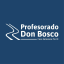 Logo de De   Profesorado Don Bosco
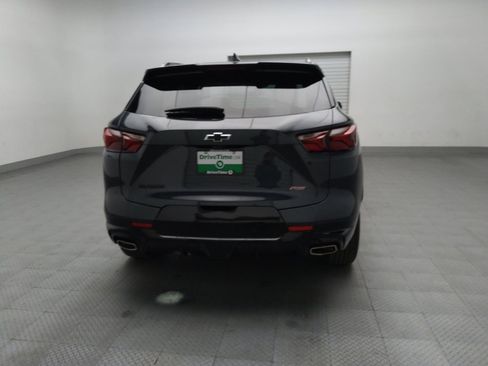 Used 2019 Chevrolet Blazer RS FWD image 7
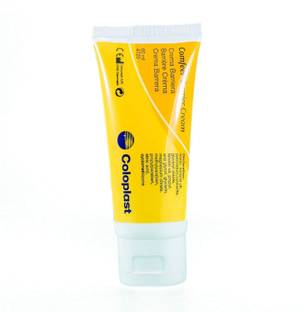 Coloplast Barrrier cream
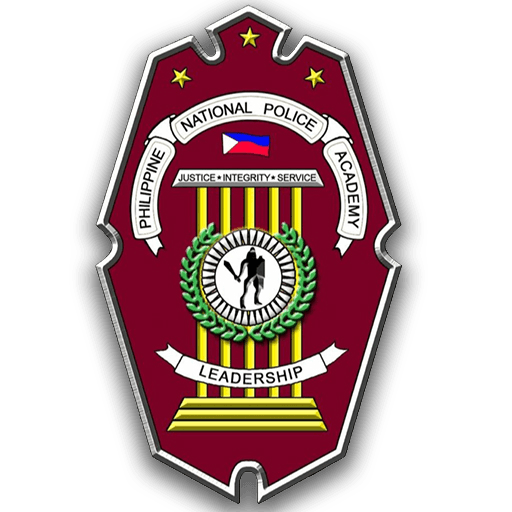 PNPA Cadet Admission Test - PNPA Logo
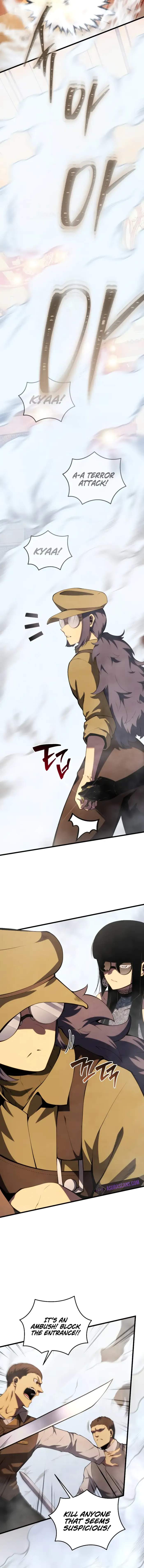 Read Swordmaster's Youngest Son Manga Online
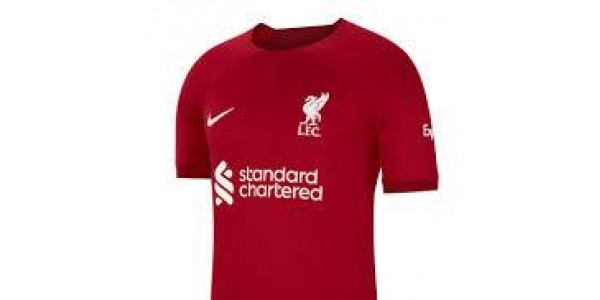 Liverpool trennte sich auswärts 1:1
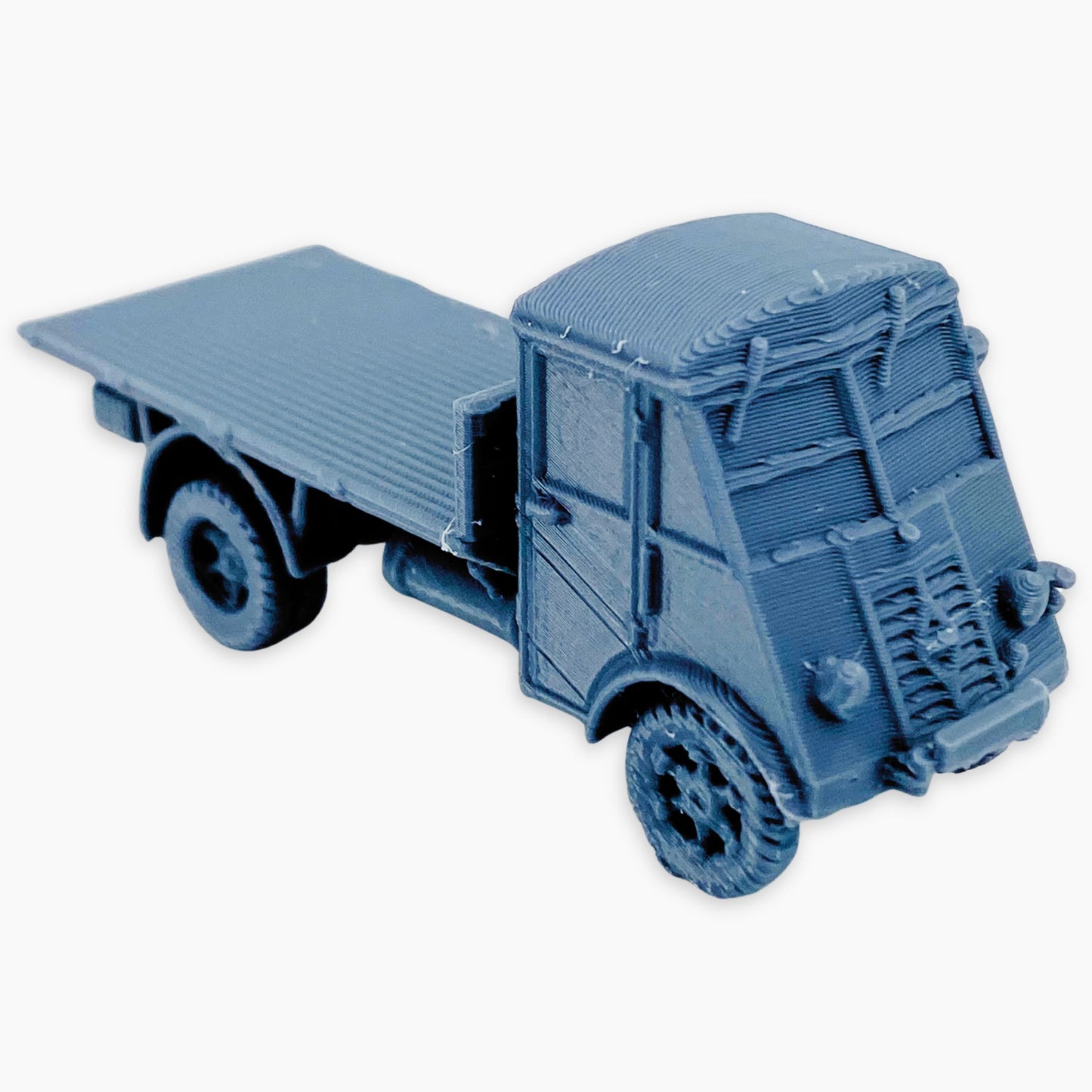 Renault AHS (flatbed)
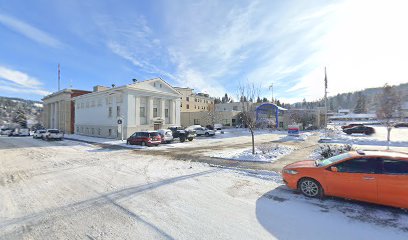 Benewah County Building Inspector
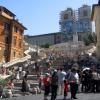 Scalinata di Trinità dei Monti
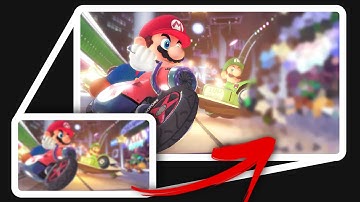 The Secret Behind Upscaling...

★ ★ ★

* **TASK GOAL**:
The listing is to be repeated word for word, with all pictures omitted.

* **TASK RESPONSE**:
 Logo de De   Profesorado Don Bosco
 Used 2019 Chevrolet Blazer RS FWD image 7
 Coloplast Barrrier cream
 PNPA Cadet Admission Test - PNPA Logo
 Read Swordmaster's Youngest Son Manga Online
 Liverpool trennte sich auswärts 1:1
 Renault AHS (flatbed)
 Benewah County Building Inspector
 Scalinata di Trinità dei Monti
 The Secret Behind Upscaling...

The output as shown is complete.